Выбрать главу

Валерьян Петрович Подмогильный.

Город.

Предисловие.

Сюжет о крестьянине, очутившемся в городе и подвергающемся сложному влиянию урбанистской культуры, стал одним из центральных и кардинальных сюжетов украинской художественной литературы последних десятилетий. Ибо процесс индустриализации и урбанизации Украины к началу XX века начинает развиваться особо энергичным темпом. Чернозёмная крестьянская Украина, быстро покрывшаяся сетью сахарных заводов и шахт, на некогда диких запорожских степях которой дымили мощные металлургические и сталелитейные заводы, окончательно теряла свою патриархальную старосветскость параллельно с тем, как классово-расслоенные украинские сёла ежегодно в возрастающей прогрессии выбрасывали к заводским воротам и на (Городские тротуары массу крестьянской живой силы, ищущей заработка, так называемых «заробитчан». Этот процесс нашёл рельефное отражение и под социологическим и под психологическим аспектом у лучших украинских классиков предоктябрьского периода, в частности у Ивана Франко, Коцюбинского, Чернявского. Для дооктябрьской украинской литературы, в значительной мере проникнутой крестьянской психологией или, скажем точнее, психологией интеллигентов, связанных с селом, город всегда казался каким-то чудовищем, чем-то вроде верхарновского «города-спрута», каким-то развратителем душ и тел. Это понятно: город разлагал деревню, пожирал её рабочие силы. Даже у Ивана Франко — наиболее прогрессивного из дооктябрьских писателей — мы можем встретить характеристику города как людоеда. «Пришёл Матвей в город людоедов» — так начинается одна из его значительных поэм. Иным и не мог представляться чуткому украинскому писателю город дооктябрьской эпохи, когда эксплуатируемый на заводе крестьянин испытывал тройной гнёт: не только социальный и экономический, но и национальный.

Параллельно с этим в буржуазно-интеллигентских кругах украинской литературы начала XX века постепенно культивируется диаметрально противоположное отношение к городу — раболепно-восторженное, надрывно-богемское, прославляющее не подлинную мощь городской культуры, а её внешнюю, чисто показную, мишурную величественность, теневые стороны города с его туманами и копотью, с ресторанами-фантасмагориями, с его проститутками, короче говоря — город, показанный в декадентском восприятии тротуарных фланёров и завсегдатаев кафе.

В конечном счёте, оба эти отношения к городу питались своими корнями в одной и той же социальной почве и, в сущности, только дополняли и логически продолжали друг друга.

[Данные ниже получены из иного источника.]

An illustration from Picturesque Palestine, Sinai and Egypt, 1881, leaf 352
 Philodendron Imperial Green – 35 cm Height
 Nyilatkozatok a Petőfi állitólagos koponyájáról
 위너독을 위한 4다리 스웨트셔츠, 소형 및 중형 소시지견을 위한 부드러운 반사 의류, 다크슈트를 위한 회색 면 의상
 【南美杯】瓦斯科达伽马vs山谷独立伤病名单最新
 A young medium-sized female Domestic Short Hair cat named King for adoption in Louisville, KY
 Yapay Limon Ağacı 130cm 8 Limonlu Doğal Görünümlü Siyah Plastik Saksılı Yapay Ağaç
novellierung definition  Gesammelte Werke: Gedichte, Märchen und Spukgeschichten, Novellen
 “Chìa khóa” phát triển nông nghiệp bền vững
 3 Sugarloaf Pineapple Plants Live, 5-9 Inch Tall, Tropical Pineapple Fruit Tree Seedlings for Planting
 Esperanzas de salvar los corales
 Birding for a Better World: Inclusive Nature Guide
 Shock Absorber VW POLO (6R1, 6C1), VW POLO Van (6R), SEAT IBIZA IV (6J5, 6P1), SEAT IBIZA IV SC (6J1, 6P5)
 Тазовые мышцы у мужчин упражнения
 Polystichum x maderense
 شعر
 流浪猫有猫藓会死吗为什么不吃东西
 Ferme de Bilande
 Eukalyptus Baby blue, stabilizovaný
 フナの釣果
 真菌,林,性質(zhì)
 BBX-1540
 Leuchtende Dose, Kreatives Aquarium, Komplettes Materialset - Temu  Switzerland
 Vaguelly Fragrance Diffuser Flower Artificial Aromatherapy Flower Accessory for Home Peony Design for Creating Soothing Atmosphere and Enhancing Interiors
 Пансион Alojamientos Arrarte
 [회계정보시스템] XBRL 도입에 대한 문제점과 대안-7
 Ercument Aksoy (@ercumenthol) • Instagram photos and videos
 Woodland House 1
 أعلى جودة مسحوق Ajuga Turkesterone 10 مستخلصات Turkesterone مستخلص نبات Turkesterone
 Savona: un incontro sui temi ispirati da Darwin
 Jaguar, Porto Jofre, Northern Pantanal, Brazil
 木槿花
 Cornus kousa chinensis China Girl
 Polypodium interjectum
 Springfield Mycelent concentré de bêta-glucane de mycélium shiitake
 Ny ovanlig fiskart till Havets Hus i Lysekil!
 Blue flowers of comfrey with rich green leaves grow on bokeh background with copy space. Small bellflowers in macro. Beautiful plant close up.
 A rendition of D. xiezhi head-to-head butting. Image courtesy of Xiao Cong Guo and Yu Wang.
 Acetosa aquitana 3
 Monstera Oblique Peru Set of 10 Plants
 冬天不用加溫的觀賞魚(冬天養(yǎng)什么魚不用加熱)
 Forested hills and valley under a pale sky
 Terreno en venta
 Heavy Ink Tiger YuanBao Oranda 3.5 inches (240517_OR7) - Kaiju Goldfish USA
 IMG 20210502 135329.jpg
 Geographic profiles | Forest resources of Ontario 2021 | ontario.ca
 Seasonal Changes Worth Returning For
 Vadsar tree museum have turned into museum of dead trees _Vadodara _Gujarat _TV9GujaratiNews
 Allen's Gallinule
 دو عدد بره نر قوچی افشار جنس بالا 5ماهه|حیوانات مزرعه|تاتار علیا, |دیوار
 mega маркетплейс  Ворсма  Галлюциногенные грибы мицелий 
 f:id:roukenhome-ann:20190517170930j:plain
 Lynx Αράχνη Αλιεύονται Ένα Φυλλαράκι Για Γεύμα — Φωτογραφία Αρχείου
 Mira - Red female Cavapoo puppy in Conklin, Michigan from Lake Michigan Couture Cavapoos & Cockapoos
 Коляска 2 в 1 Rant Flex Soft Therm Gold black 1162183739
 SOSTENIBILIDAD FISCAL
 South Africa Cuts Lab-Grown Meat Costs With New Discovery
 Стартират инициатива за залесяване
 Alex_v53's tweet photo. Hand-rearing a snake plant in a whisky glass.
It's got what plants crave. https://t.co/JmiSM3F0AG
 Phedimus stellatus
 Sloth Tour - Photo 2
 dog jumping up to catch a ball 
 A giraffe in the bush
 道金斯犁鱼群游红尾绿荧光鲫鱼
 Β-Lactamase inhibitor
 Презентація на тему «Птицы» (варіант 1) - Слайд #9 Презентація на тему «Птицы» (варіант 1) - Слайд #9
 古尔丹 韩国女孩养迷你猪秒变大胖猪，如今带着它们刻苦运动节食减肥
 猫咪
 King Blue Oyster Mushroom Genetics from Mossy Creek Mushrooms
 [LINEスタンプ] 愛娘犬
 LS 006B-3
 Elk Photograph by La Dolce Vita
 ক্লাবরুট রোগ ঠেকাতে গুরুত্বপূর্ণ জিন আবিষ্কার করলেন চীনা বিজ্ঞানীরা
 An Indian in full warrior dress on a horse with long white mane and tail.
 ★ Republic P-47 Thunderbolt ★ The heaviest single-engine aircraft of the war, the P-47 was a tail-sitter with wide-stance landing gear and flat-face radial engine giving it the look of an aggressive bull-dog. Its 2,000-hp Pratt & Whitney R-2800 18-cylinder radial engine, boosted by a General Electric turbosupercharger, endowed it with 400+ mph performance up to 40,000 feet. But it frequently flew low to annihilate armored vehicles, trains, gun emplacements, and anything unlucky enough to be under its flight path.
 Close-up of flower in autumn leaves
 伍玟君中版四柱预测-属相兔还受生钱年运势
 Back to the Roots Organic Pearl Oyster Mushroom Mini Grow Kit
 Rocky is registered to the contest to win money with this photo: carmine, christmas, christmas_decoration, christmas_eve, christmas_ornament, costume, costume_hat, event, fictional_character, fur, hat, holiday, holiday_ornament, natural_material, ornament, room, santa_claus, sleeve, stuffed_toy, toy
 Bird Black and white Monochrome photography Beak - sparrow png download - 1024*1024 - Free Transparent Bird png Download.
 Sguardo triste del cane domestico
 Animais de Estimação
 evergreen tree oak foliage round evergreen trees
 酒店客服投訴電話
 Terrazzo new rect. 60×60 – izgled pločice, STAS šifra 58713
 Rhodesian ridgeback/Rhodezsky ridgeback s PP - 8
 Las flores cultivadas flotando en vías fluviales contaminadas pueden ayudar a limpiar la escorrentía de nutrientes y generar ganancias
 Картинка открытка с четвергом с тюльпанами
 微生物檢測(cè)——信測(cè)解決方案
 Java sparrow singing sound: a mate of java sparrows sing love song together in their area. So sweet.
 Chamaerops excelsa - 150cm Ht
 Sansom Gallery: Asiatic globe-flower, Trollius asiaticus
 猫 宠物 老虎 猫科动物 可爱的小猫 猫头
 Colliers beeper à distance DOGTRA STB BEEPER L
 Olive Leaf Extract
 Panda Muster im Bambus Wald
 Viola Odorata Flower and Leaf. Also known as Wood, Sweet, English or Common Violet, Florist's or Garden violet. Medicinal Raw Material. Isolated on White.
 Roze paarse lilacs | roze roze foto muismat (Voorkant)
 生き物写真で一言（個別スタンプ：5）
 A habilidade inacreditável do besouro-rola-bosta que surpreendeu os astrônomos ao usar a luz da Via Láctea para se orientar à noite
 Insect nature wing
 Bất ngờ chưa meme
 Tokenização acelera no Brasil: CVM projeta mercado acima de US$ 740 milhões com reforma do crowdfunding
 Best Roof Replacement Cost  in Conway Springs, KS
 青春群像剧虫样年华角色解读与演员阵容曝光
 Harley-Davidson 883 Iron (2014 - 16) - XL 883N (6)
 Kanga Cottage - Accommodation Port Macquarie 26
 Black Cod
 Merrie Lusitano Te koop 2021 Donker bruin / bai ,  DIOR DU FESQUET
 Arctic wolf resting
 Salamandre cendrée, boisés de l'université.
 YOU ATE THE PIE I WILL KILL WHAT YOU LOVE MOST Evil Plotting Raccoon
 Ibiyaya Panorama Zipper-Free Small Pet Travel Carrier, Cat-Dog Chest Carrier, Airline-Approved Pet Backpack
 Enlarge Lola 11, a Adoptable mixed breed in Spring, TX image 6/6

Только на почве Октября, практически осуществившего смычку города с пролетаризующимся селом, урбанистские мотивы в художественной литературе находили и продолжают находить своё здоровое разрешение.

Всё же - мы это отметим сразу — Валериан Пидмогильный, несмотря на то, что автор «Города» — писатель послеоктябрьской эпохи, трактует тему о переживаниях крестьянского парня, попавшего, в городскую обстановку, исключительно в дооктябрьском декадентском духе. Проблема взаимоотношений советского города и советского села в широком плане не заинтересовала художника. Перед нами не столько роман о городе во всей его сложности, сколько повесть о городской богеме, поймавшей в свои соблазнительные сети упрямого, эгоистичного и талантливого крестьянина - вузовца. Сюжет произведения движется совсем не по широким социологическим рельсам, как можно было бы ожидать, исходя из вызывающе-подчёркнутого заглавия романа, а по узкоколейке психологизма. Центр тяжести его не в анализе социальных взаимоотношений города и сёла, а исключительно в анализе настроений центрального персонажа, перерождающегося из неуклюжего, но идейного крестьянского парня Степана в циничного, самовлюблённого богемьена Стефана. Это — если не автобиографический, то в некоторой мере автопсихологический роман, интереснейший психологический документ, посвящённый советской литературной богеме.

Замечательно, что несмотря на свою сугубую психологичность, роман оказался чрезвычайно читабельным. Уверенной рукой мастера ведёт нас Пидмогильный по этапам врастания Степана Радченко, вчерашнего повстанца и сельского культработника, в круг богемских мироощущений. С тонкой иронией показывает талантливый украинский беллетрист, как Степан Радченко, недавно ожесточённо проклинавший город за его пышные витрины, за его праздную уличную толпу, тосковавший по идиллии сельской жизни, постепенно поддаётся городским соблазнам, с трепетом вдыхает аромат парижских духов у случайно проходящей дамы, мечтает об элегантных костюмах, о внешнем лоске, и новыми костюмами, равно как и новыми — с каждым разом более «светскими» любовницами — отмечает вехи своей карьеры. С неменышей художественной убедительностью изображены беллетристом моменты смены творческого подъёма полосами творческой депрессии.